China’s Sinopec is offering its subsidiary refineries big incentives to export their diesel fuel, sources said, in a rare move that reflects the top Asian refiner’s deepening concerns about a growing domestic glut.
The internal bonus scheme marks the latest step by the state-owned refiner to battle local oversupply of the industrial fuel as slowing economic growth curbs diesel use in mining, construction and transportation.
The company has maintained relatively high production in order to feed growing domestic demand for kerosene and gasoline, thus exacerbating the diesel surplus, oil sources say. Sinopec’s crude runs were up 1.4% in the first three quarters of 2015 compared with a year ago, according to corporate filings.
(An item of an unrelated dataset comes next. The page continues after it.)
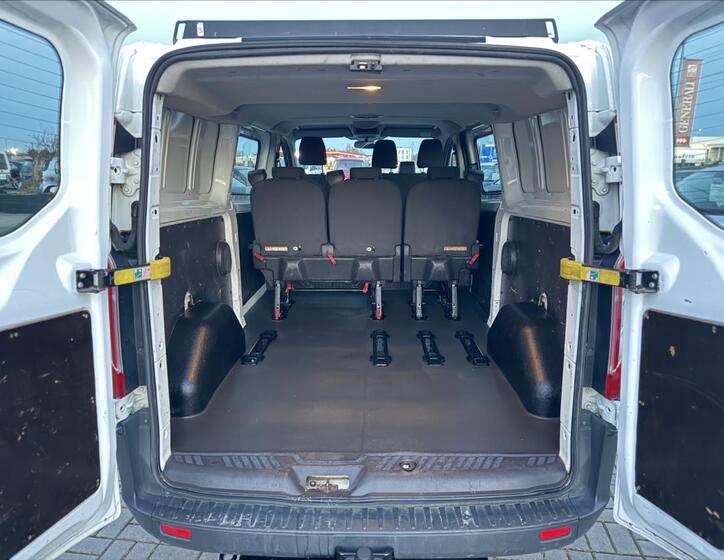 Ford Transit Custom 13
About a half-dozen of Sinopec’s refineries are being offered around 240 yuan ($37.60) for each tonne of diesel exported, under a scheme that started in September and has been extended to December, said two people familiar with the bonus plan.
That’s an additional 6% on top of domestic pre-tax wholesale prices, worth some $80 million over four months, according to Reuters’ calculations based on estimates of Sinopec’s exports.
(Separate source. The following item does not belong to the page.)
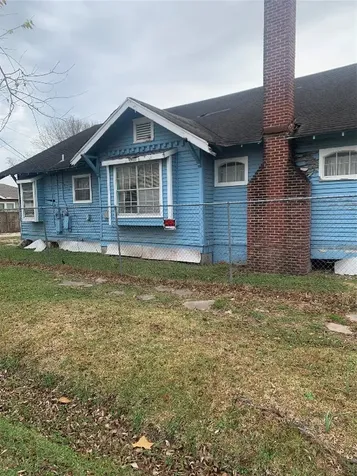 5001 Sherman Street Houston TX 77011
Sinopec declined to comment on the move. Most of its refineries sell their products only into the domestic market.
“Sinopec is anticipating China’s robust gasoline demand growth will sustain in 2016. To produce more gasoline means more diesel output from refineries,” said Gordon Kwan, head of oil and gas research with Nomura in Hong Kong.
“Diesel demand in China will remain subdued, thus the potential for diesel exports to rise further ahead.”
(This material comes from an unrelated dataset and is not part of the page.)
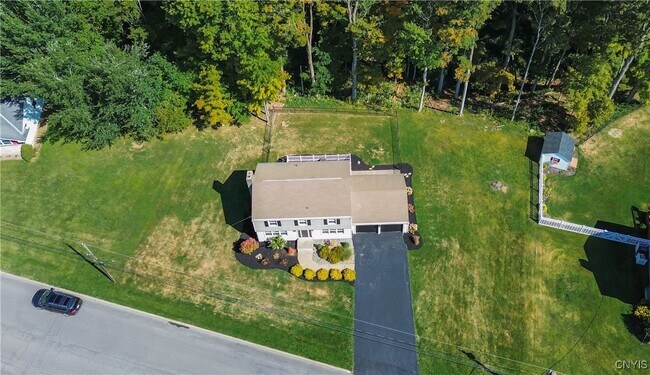 Building Photo - 916 Westwood Dr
The payments are a tiny portion of the company’s $4.25-billion net profit in the first three quarters of the year, and with refining profits up 34.3%, the company has plenty of room for the export incentive, analysts said.
Still the grants are relatively rare and are larger than previous offerings, people with knowledge of the scheme said, reflecting growing concerns about China’s diesel inventories as demand dips during the winter when construction work slows.
China’s diesel exports jumped by 50% in the first 10 months of this year to about 129,000 barrels per day (bpd), official data showed, roughly 4% of China’s total diesel consumption.
Shipments in September and October were particularly robust, with September sales at the highest level since at least 2006, near 276,000 bpd, and easing slightly in October to 221,500 bpd, customs data showed.
The growing overseas sales from Sinopec, representing roughly 60% of China’s diesel exports, comes as the government prepares to allow smaller, independent refineries to export refined fuel for the first time.
Authorities have also let state-run oil and chemicals trader Sinochem begin to export fuel.